Yesterday International Federation of Library Associations and Institutions (IFLA) issued a welcome statement on TDM: http://www.ifla.org/publications/ifla-statement-on-text-and-data-mining-2013. Snippets:
IFLA maintains that legal certainty for text and data mining (TDM) can only be achieved by (statutory) exceptions. As an organization committed to the principle of freedom of access to information, and the belief that information should be utilised without restriction in ways vital to the educational and cultural well-being of communities, IFLA believes TDM to be an essential tool to the advancement of learning, and new forms of creation.
We live in an era of “Big Data”. OECD figures show that more digital information was created between 2008 – 2011 than in all previous recorded history (World Economic Forum (2012) ‘Global Information Technology Report: living in a hyper-connected world’ p.59, http://www3.weforum.org/docs/Global_IT_Report_2012.pdf) No human can read such vast volumes of information, which is why “computer based reading”, using tools such as text and data mining, is so important.
Research organisations see TDM as an engine to improve the performance of science by speeding up new potential discoveries based upon existing literature without the need for further laboratory based research. TDM is a tool also increasingly being used by researchers and creators in the arts and humanities fields, to offer new interpretations of history, literature and art. Libraries are also increasingly undertaking TDM themselves, to improve information services and offer new insights into their collections. Government data sets are also increasingly being made available to researchers, archives and libraries undertaking TDM, as they offer much potential economic value in an era of Big Data. Commercial innovators are also utilising TDM.
The technical act of copying involved in the process of TDM falls by accident, not intention, within the complexity of copyright laws – in fact analysis of facts and data has been the basis of learning for millennia. As TDM simply employs computers to “read” material and extract facts one already has the right as a human to read and extract facts from, it is difficult to see how the technical copying by a computer can be used to justify copyright and database laws regulating this activity.
“That these new uses happen to fall within the scope of copyright regulation is essentially a side effect of how copyright has been defined, rather than being directly relevant to what copyright is supposed to protect.” (Hargreaves Review of Intellectual Property and Growth (2011), UK Intellectual Property Office, http://www.ipo.gov.uk/ipreview.htm)
TDM is one of several new tools in the digital environment to which copyright norms devised 300 years ago do not readily apply.
Researchers must be able to share the results of text and data mining, as long as these results are not substitutable for the original copyright work – irrespective of copyright law, database law or contractual terms to the contrary.
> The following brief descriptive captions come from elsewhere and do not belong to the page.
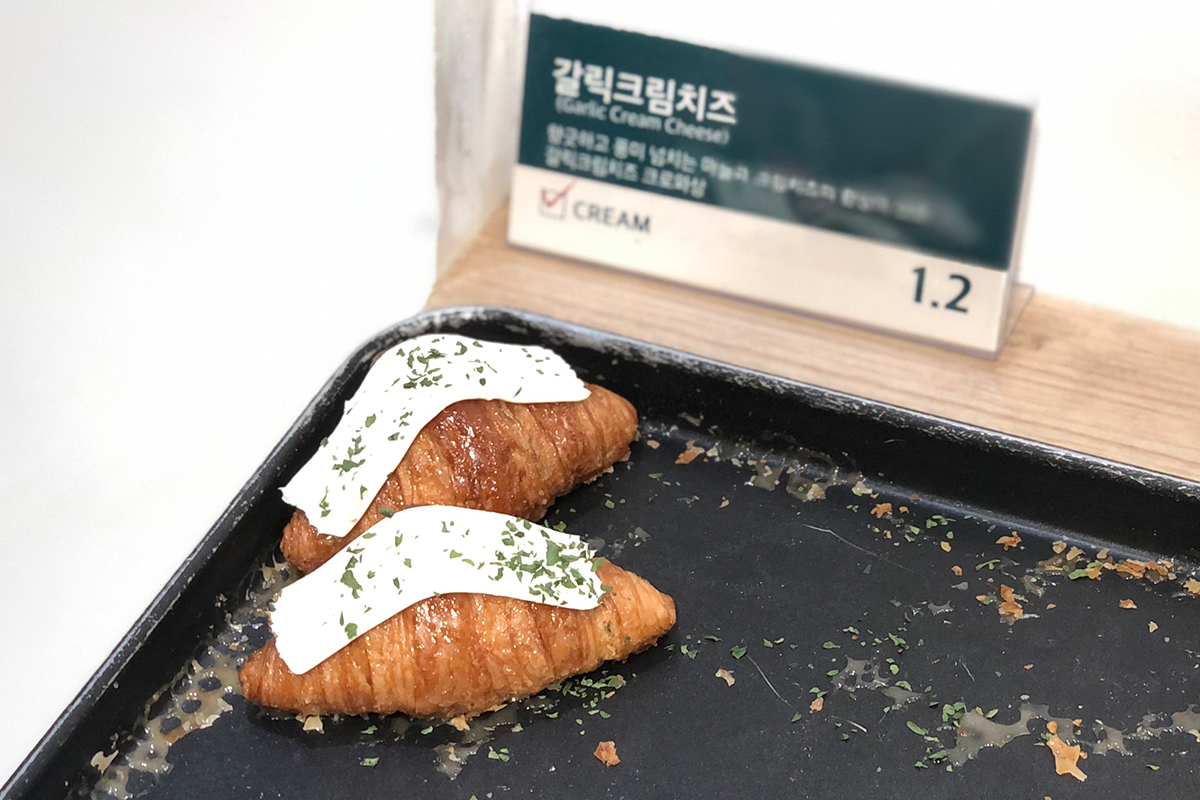 大蒜芝士牛角包，上頭灑滿香草調味料，擺放在克拉商店的櫃台上。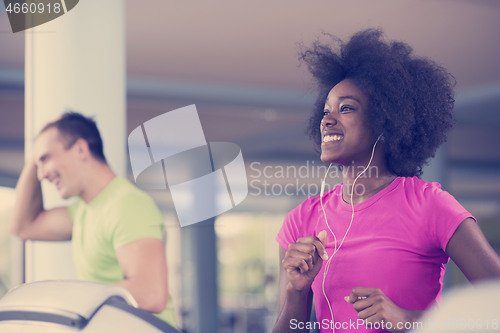 Image of people exercisinng a cardio on treadmill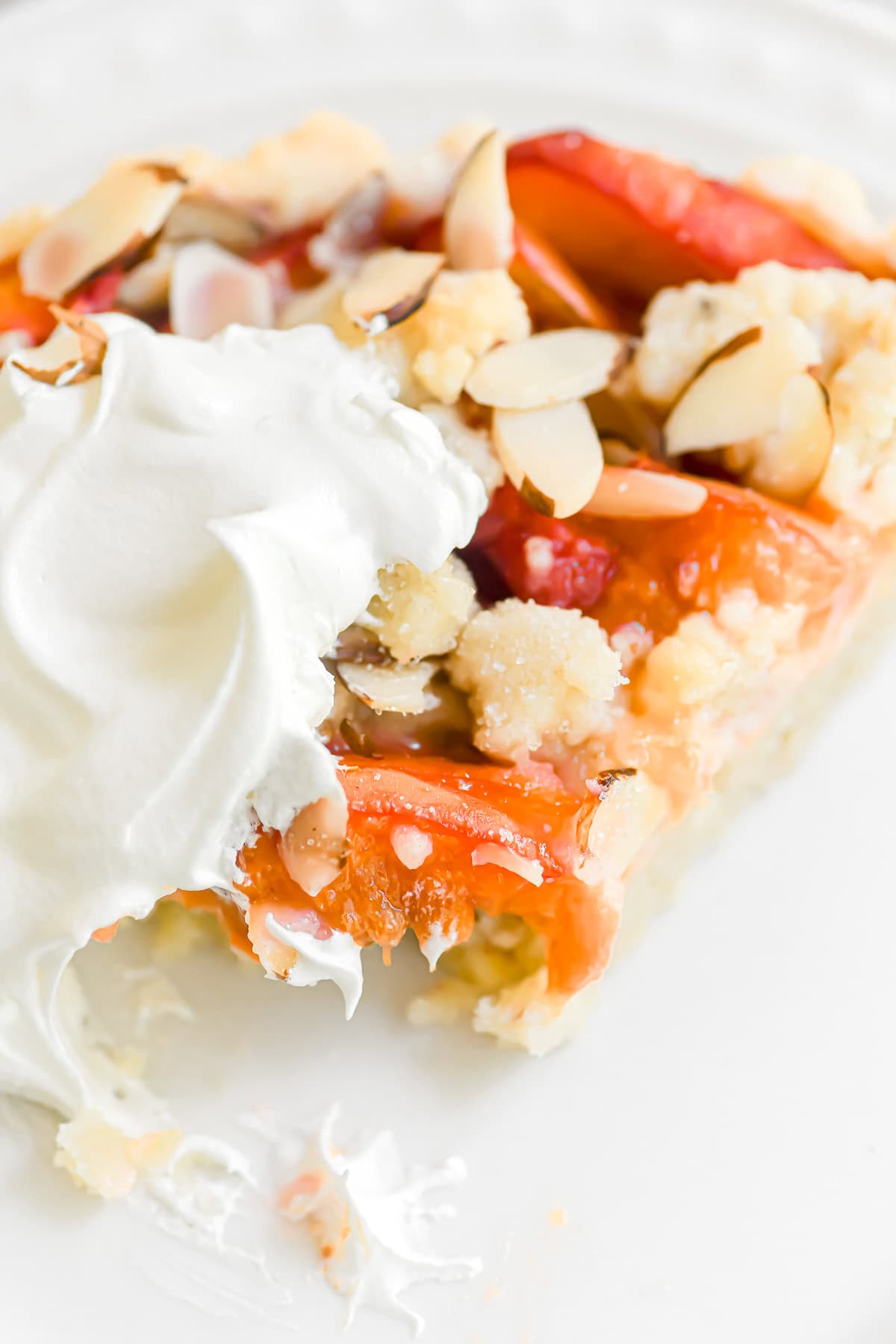 a slice of apricot almond tart with bite taken.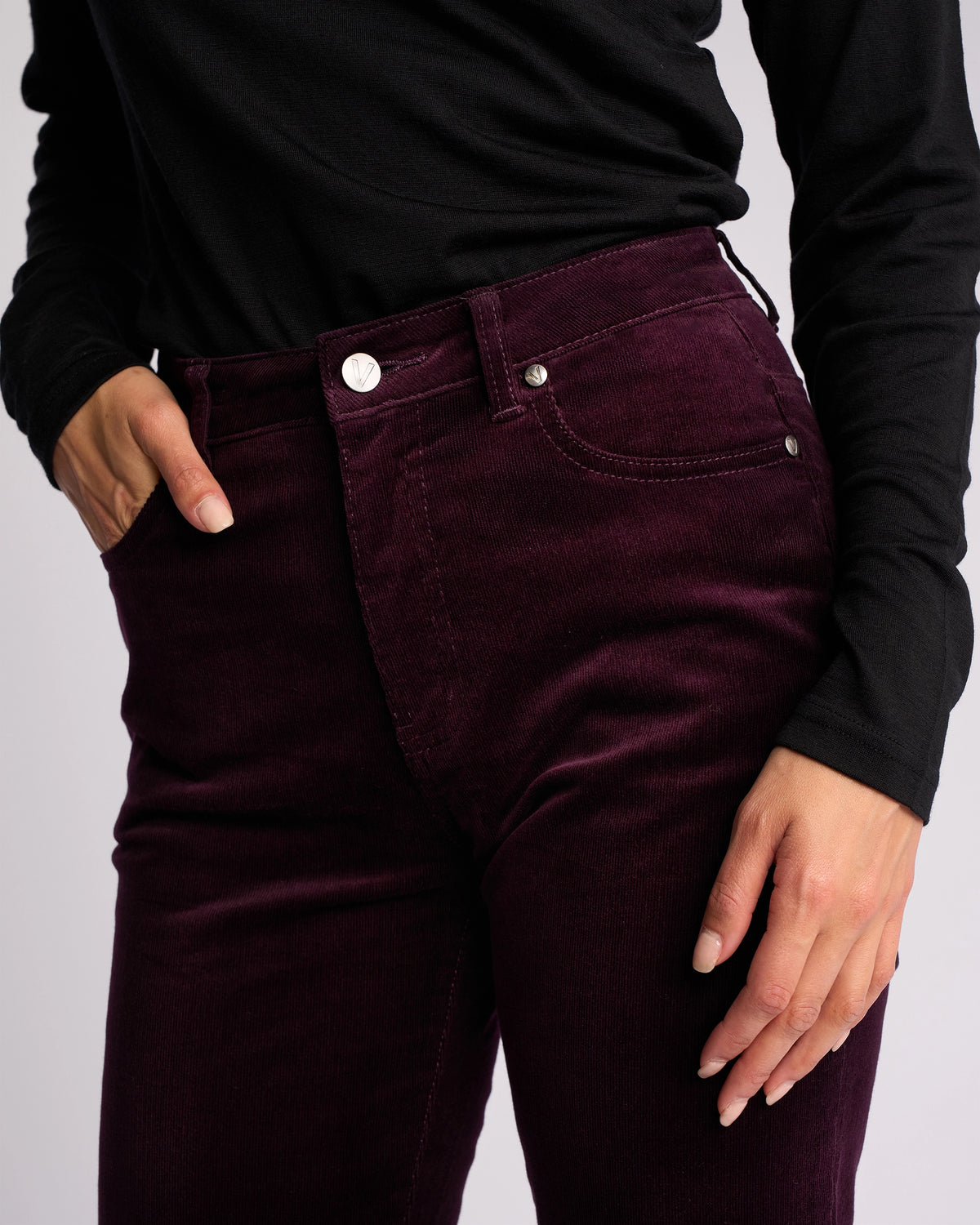 A person wears a black long-sleeve top and high-waisted Vassalli Arch Cord Pant in Mulberry, pinwale cord, with one hand in the pocket—an ideal winter look shown from mid-torso to thighs.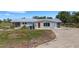 Home exterior displaying metal roof, vibrant orange door, and tidy lawn at 7160 Myakka Valley Trl, Sarasota, FL 34241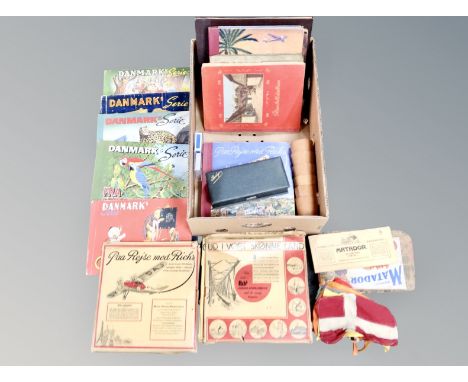 A box containing Bridge set, Danish cigarette card albums, playing cards. 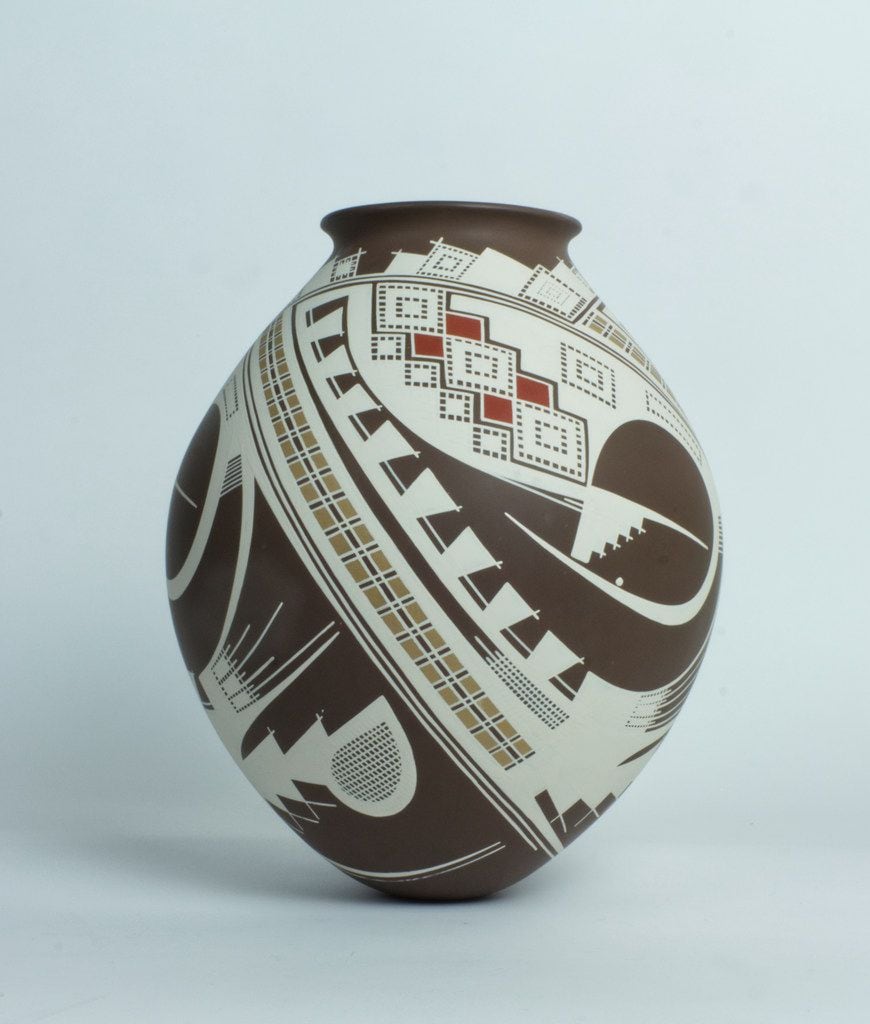 Pieces of Mata Ortiz pottery such as this one by artist Juan Quezada are included in the...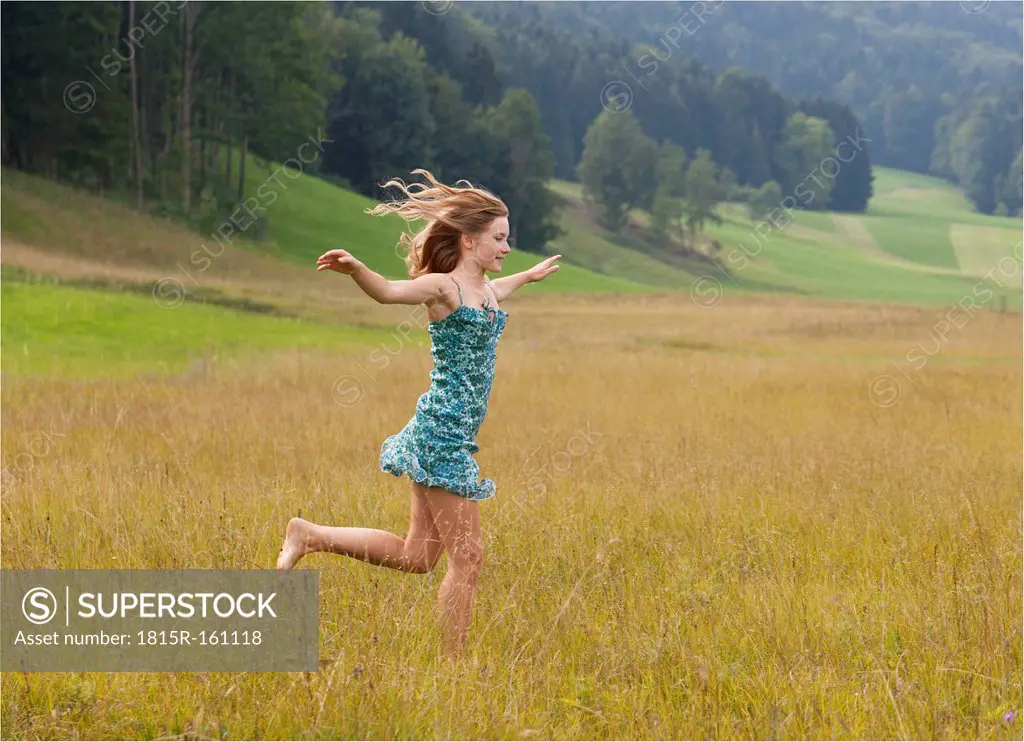 Austria, Salzkammergut, Mondsee, young woman running in a meadow
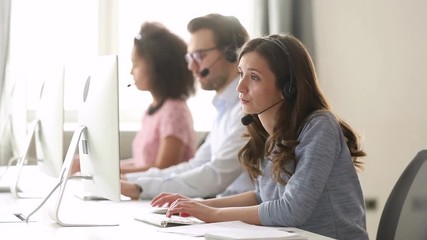 Wall Mural - young woman customer care agent in headset consulting online client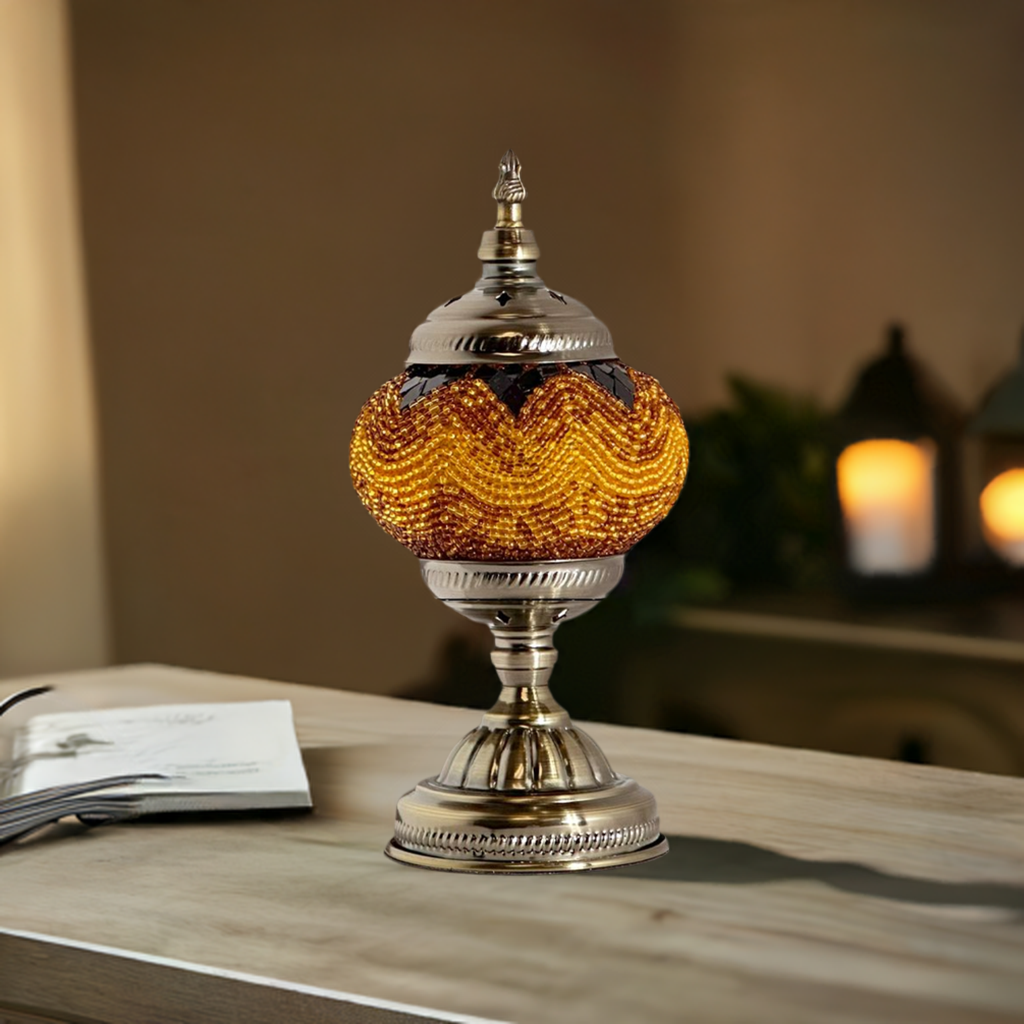 Desert Mirage mosaic glass table lamp — on a nightstand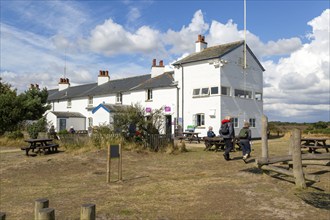 People at Coastguard Cottages, Dunwich Heath, Suffolk, England, UK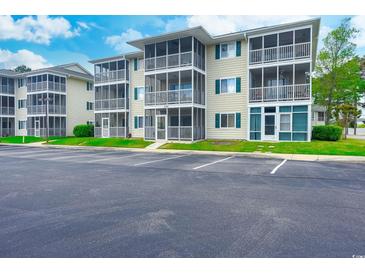 Attractive condominium building with screened porches and ample parking on a sunny day at 202 Landing Rd. # B, North Myrtle Beach, SC 29582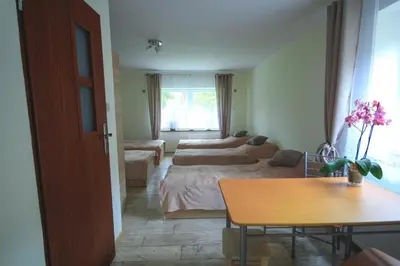 Łóżko lub łóżka w pokoju w obiekcie WILLA Jugowice
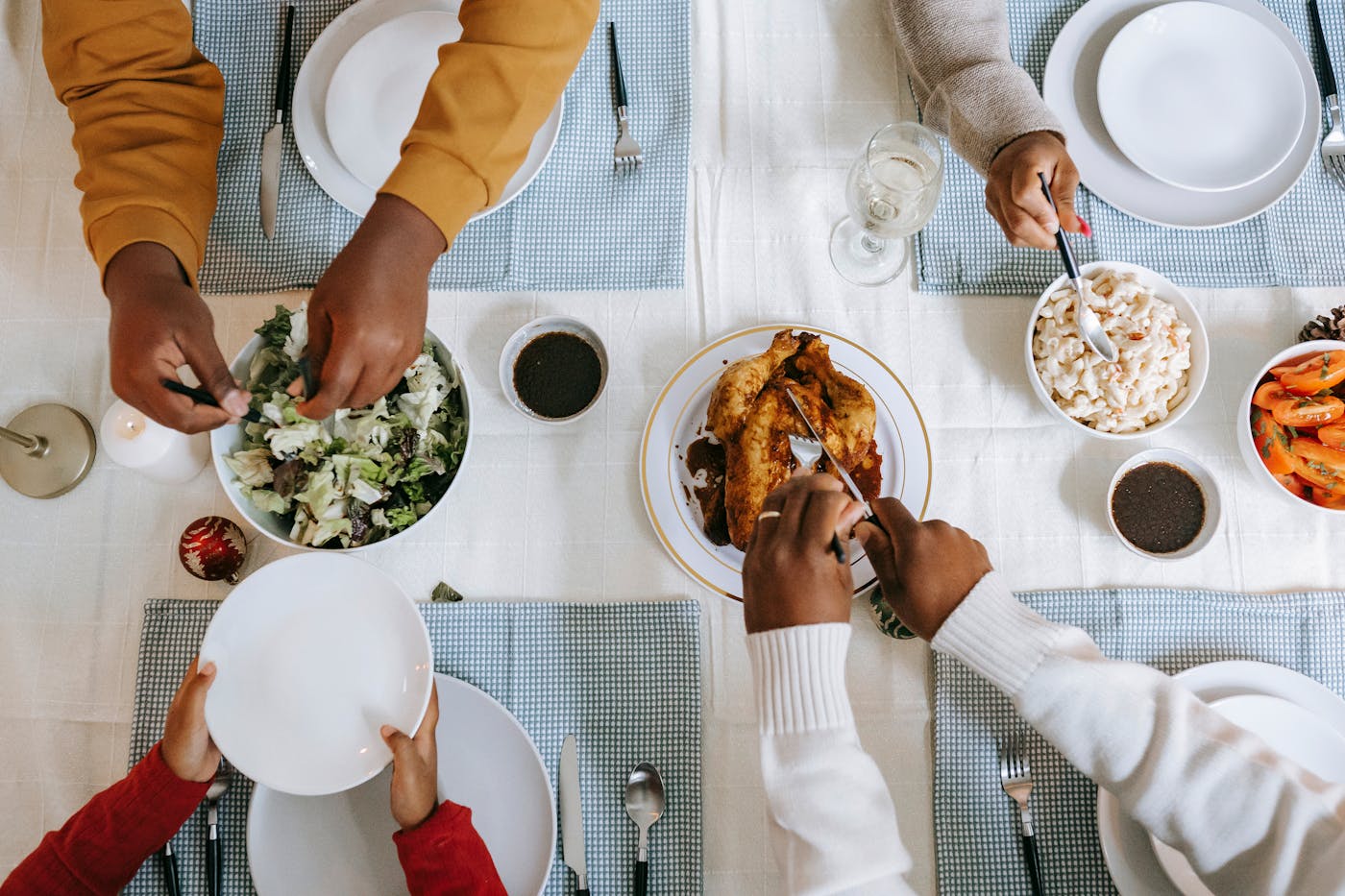 Diverse group sharing food at the table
Without this right, legal uncertainty may prevent important research and data driven innovation putting researchers, institutions and innovators at risk.
IFLA does not support licensing as an appropriate solution for TDM. If a researcher or research institution, or another user accessing information through their library, has lawfully acquired digital content, including databases, the right to read this content should encompass the right to mine. Further, the sheer volume and diversity of information that can be utilised for text and data mining, which extends far beyond already licensed research data bases, and which are not viewed in silos, makes a licence-driven solution close to impossible.